Another example is investing FOMO, where investors increase the risks of their investments without properly considering and preparing for the increased risks. Markets are high, everyone is optimistic, so the investor throws away caution and takes on more risk. This leads to the next important point…
Underestimating the Psychological Aspect of Risk
At certain times, it’s very important to keep control and stick to a set plan. You are a tight-rope walker, you don’t want to panic when you are halfway across the rope. When you are a quarterback, you don’t want to force a throw as the defensive line bears down on you. Really, really bad things can happen.
The same is true for investing – when the market has dropped significantly, the media is screaming that’s its the end times and your investments have taken a beating, it’s easy to panic and sell everything. It a classic downward spiral of following the herd – buying high and selling low. Logically, it seems easy to avoid and yet we are not coldly logical machines. It’s important to understand how you will psychologically react to the pressure and anxiety when taking a risk. That’s why financial planners usually talk to their clients to understand their risk profile.
Overblown Fear of Risks Might Manipulate You
Overblown fear of risks is a well-used tool in the manipulator’s toolbox. Manipulators use it in a lot of life be it politics, personal relationships, the workplace and of course, finance. FOMO is a great example – just look how marketers try to show how funner, cooler and sexier life is consuming their products and services.
Another example is myopic politicians and industry leaders that argue “the economy is too delicate to invest in cleaner environment, increase education spending, health spending etc.” They evoke images of chaos and utter collapse of the economy and society. In truth, they are usually discouraging society from making these long-term investments which are critical for a stable and prosperous future. The economy rests on a healthy environment and a healthy, educated population, not the other way around. It’s not the economy or the environment/social investment, it’s the economy and the environment/social investment. I’ll get into this more in-depth next week….
You Fail To Capture Australia at the Start of the Game
You thought I was going to leave out that pun?
Risk Management Doesn’t Need to be Complex
Risk management is often presented as something big organizations and experts do use complex analysis. However, it is accessible and important to individuals as well. Here are a couple of basic questions to guide your risk management:
- Your Goals and Risks – what are your goals and the priority of goals? Which goals are more expendable than others? What are the risks you can least afford? This will identify which risks are more costly than other risks.

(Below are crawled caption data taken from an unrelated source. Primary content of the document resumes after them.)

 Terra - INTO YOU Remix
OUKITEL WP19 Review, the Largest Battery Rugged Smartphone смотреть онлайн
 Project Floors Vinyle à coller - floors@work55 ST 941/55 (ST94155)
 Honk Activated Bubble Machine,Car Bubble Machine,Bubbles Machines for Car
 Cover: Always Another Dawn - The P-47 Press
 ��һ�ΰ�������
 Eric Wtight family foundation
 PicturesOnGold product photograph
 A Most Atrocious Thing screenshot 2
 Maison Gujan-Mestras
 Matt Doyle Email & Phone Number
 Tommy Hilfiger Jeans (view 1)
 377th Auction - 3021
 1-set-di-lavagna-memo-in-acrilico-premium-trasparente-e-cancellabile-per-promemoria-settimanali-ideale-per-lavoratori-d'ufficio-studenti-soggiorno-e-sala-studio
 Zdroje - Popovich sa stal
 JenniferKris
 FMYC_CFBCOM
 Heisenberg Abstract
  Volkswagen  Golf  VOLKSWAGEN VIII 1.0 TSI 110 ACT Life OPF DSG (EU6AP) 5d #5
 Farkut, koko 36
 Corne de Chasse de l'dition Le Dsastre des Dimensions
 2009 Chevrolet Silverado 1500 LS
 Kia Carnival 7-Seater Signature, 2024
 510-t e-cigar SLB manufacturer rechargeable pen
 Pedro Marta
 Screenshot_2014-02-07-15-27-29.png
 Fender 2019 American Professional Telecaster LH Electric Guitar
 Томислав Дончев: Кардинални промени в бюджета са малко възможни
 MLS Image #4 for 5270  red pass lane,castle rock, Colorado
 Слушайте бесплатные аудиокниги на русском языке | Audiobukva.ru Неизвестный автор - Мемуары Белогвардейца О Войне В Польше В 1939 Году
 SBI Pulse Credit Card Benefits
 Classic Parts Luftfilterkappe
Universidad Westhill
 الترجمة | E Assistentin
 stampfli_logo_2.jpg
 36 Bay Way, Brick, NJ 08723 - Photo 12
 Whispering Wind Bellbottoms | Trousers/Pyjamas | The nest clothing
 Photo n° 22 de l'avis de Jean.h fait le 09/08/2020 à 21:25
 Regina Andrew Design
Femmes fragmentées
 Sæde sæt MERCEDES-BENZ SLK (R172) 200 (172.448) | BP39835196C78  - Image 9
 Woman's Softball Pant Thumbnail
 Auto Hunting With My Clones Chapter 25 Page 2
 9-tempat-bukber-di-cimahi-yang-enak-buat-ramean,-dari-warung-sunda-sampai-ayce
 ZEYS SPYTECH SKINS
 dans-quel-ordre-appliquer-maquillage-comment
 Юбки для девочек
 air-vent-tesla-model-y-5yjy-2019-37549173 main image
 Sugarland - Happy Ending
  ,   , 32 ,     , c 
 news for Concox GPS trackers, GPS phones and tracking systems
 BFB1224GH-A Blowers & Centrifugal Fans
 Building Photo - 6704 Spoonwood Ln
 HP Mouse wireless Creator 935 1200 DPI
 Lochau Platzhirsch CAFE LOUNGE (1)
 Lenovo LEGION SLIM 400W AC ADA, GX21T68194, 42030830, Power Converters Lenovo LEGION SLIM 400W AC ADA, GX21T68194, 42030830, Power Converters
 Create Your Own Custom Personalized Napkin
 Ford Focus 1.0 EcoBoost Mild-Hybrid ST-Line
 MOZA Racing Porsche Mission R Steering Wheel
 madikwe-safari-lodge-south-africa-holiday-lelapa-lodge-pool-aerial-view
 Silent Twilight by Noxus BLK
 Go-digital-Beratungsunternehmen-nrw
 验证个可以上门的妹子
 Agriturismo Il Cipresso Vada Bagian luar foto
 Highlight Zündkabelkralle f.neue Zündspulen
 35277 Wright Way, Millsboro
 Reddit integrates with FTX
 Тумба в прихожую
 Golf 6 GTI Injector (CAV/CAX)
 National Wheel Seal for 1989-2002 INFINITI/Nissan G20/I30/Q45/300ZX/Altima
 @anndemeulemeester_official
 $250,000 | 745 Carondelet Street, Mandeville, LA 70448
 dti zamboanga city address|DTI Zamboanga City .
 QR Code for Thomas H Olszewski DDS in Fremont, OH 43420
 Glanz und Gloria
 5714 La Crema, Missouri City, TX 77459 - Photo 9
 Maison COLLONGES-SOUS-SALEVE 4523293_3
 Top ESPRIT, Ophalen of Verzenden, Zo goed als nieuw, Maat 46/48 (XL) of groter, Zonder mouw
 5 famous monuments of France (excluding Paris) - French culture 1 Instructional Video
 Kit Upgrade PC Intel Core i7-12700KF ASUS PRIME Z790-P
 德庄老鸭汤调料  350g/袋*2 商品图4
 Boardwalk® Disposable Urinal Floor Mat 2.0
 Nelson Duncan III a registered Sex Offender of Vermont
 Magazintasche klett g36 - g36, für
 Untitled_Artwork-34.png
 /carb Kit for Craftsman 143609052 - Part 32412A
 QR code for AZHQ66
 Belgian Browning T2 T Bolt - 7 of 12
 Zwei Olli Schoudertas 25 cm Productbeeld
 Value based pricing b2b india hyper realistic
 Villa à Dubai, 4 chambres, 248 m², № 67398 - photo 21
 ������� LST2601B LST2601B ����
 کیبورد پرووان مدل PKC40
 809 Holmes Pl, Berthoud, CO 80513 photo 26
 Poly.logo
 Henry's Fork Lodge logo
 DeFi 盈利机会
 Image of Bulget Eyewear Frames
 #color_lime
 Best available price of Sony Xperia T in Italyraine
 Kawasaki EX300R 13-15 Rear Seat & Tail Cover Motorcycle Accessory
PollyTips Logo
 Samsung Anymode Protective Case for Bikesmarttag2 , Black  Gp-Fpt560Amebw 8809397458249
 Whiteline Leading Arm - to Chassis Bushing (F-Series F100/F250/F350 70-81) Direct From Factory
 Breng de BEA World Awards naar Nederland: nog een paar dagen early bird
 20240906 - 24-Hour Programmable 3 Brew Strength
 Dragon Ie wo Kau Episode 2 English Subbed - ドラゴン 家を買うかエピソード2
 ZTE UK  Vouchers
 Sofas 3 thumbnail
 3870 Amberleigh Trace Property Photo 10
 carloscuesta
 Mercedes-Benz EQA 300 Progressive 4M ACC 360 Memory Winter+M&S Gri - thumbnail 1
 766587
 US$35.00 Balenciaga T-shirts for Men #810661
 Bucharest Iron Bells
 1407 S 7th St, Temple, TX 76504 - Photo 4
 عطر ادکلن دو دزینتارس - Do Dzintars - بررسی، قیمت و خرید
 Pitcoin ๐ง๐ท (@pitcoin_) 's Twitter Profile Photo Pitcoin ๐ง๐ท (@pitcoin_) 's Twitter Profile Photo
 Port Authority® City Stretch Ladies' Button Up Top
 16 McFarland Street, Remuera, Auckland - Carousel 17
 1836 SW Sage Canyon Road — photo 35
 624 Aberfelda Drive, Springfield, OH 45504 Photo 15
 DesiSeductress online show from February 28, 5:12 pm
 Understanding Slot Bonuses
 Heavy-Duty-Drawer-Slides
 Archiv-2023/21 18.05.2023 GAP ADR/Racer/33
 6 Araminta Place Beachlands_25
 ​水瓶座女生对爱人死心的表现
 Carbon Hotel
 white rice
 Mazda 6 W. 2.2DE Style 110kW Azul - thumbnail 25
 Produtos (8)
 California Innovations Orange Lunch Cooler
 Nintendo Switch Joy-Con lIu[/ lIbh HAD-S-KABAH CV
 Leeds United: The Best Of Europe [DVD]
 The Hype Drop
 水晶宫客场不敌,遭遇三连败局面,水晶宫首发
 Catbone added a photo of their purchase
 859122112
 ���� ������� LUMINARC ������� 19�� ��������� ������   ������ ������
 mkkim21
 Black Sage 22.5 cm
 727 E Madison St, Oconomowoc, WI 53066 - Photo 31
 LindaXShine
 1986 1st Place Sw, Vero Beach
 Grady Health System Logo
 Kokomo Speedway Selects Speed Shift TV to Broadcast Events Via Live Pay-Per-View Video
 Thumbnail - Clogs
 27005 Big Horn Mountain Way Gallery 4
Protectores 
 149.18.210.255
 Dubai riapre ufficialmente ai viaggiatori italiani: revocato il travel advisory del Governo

- Your choices – what are the different options and how do the risks compare? Alternative options help avoid big risks.
- Your stress threshold – how much stress can you handle before it starts to unacceptably stress and impact your ability to think straight? What kind of situations generate stress and panic in you? For instance, some people can handle the stress of highly volatile investments – others can’t.
Keep It A Yearly Process
It’s good to review your risks on a yearly basis. For example, investors often adjust the allocation of their investment portfolio yearly. Generally speaking, as they get older they lower the risk in the portfolio as they have less time to recover from losses. It’s also useful to gauge your risk profile any time there are any big changes in your life such as a change in your employment situation, responsibilities (say marriage or kids) or a big change in your money situation like an unexpected cost or windfall. For instance, people often decide to get a will when they have kids.
Risk is kind of like a bully – start running and it will always chase you, force you into dead-end situations or sucker punch you out of nowhere. However, if you confront it, keep your eye on it, it’s actually a positive thing in your life because it shows you where the opportunities are.